I’d like to modify this to express a model whereby there’s two latent groups, one group where mu_mean is positive and one that is negative. I’m uncertain however if I should have a single mixture probability parameter, as in:

...
parameters{
vector[n_id] mu_neg ;
vector[n_id] mu_pos ;
real<upper=0> mu_mean_neg ;
real<lower=0> mu_mean_pos ;
real<lower=0> mu_sd ;
real<lower=0> obs_noise ;
real<lower=0,upper=1> group_prob ;
}
model{
mu_neg ~ normal(mu_mean_neg , mu_sd) ;
mu_pos ~ normal(mu_mean_pos , mu_sd) ;
mu_mean_neg ~ std_normal() ;
mu_mean_pos ~ std_normal() ;
mu_sd ~ weibull(2,1) ;
obs_noise ~ weibull(2,1) ;
for( i_id in 1:n_id){
target += log_mix(
group_prob
, normal_lupdf( obs[,i_id] | mu_neg[i_id], obs_noise)
, normal_lupdf( obs[,i_id] | mu_pos[i_id], obs_noise)
)
}
}


or a mixture probability parameter for each individual:

...
parameters{
...
vector<lower=0,upper=1>[n_id] group_prob ;
}
model{
...
for( i_id in 1:n_id){
target += log_mix(
group_prob[i_id]
...
)
}
}


Thoughts?

3 Likes

I think it’s more common to have a single mixture probability parameter. I should add that I’m not an expert, but as far as I understand mixtures, if you want to sample from a mixture distribution you first sample group membership from the common group membership distribution (say, Bernouilli in your case), and then you sample each observation according to its group distribution.

Thinking about this in another way, if each observation had its own mixture probability, then if you knew the prior probability for those individual probabilities, wouldn’t that also ultimately control group membership probabilities in a single parameter?
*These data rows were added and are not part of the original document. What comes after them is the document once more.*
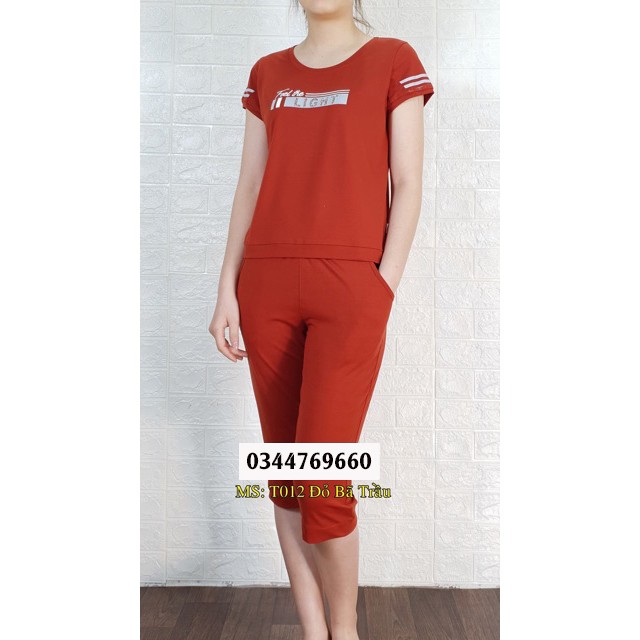 Đồ Bộ Nữ Mặc Nhà💖FREE SHIP💖Đồ Bộ Nữ Tay Ngắn Chất Cotton Mềm Mịn Thấm Hút Mồ Hôi - Mang Lại Cảm Giác Dễ Chịu - CODE 12 | BigBuy360 - bigbuy360.vn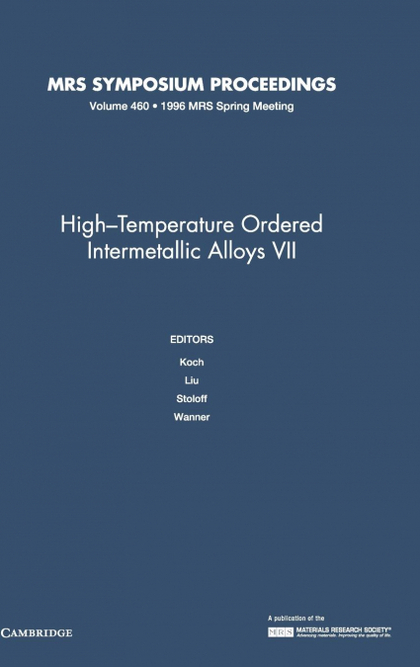 HIGH-TEMPERATURE ORDERED INTERMETALLIC ALLOYS VII V460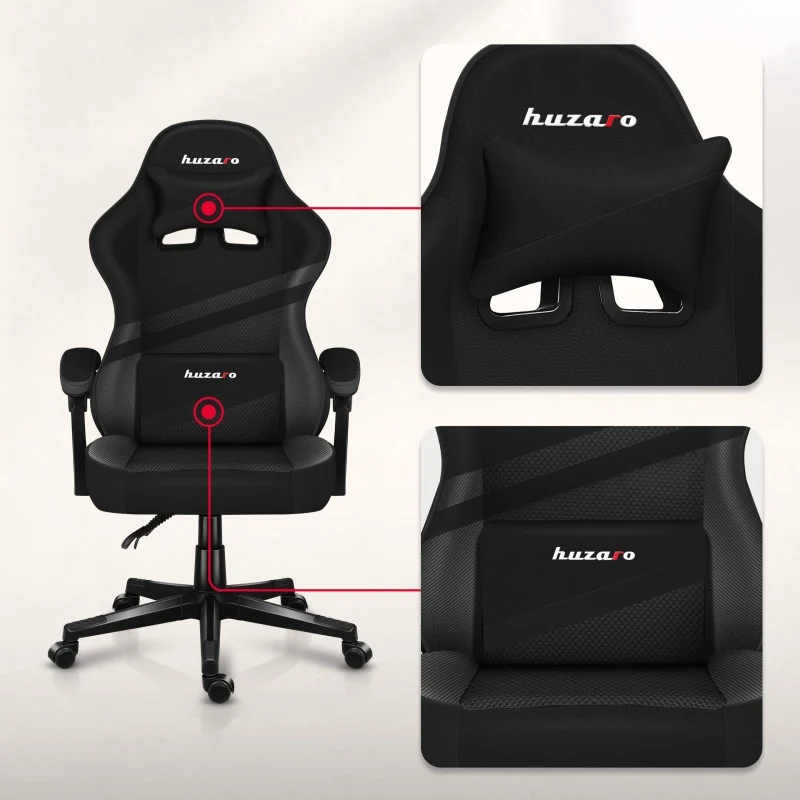Gaming-Sessel HUZARO FORCE 4.4 Carbon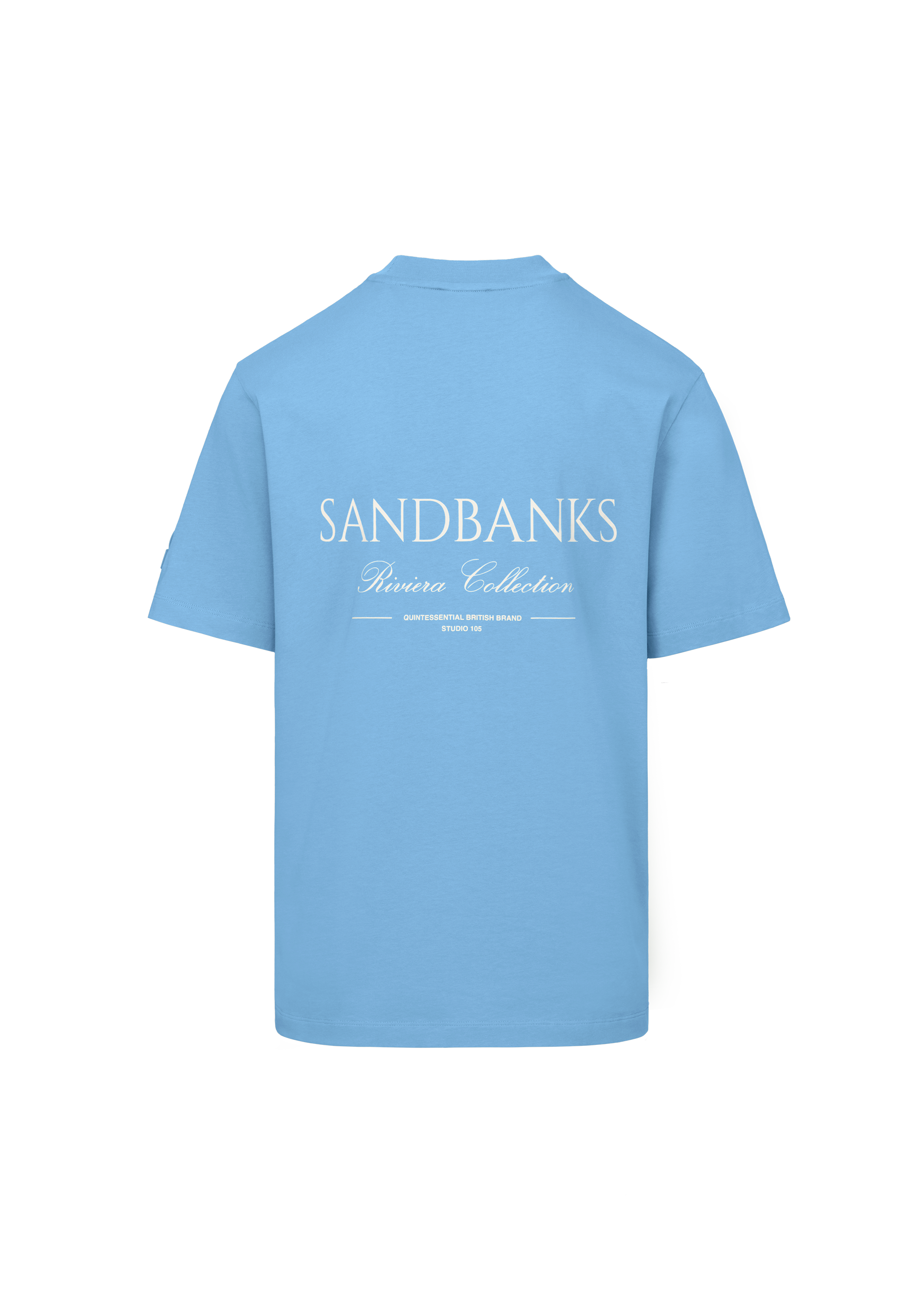 Sandbanks Riviera Collection T-Shirt - Dusty Blue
What I’m trying to say is that, if your individual group membership probabilities were drawn from (e.g.) a Beta(1,1) distribution, then you could marginalize out the intermediate step and conclude that the observations had an equal probability of belonging to each group, right?

I hope this helps :-)

Hey, MauritsM, I’m grateful for your comment! Thank you!
Also, I think that OP author created a good idea of hierarchy

1 Like

I had a somewhat different thought last night: ultimately I think there is something about each individual that determines their latent group membership, and as you say at present the only constraint on each is a common prior. But if we have other kinds of information manifest by other variables measured about each individual that I think might help predict the latent group membership, only the probability-parameter-associated-with-each-individual permits me to start incorporating this information in the model, which in turn leaves me thinking that that even absent such information, that parameterization at least makes sense even if it can be marginalized to an equivalent one-probability model with an appropriate prior.

1 Like

Ah, that makes sense. I believe that is a slightly different model than the “plain vanilla” mixture model, though. In that one, you only observe the values without knowing anything about group memberships, and the groups are purely a latent variable that helps explain the data better than a single distribution would. If you have additional information “prior to observing the outcome” then it makes a lot of sense to have individual-level group membership probabilities.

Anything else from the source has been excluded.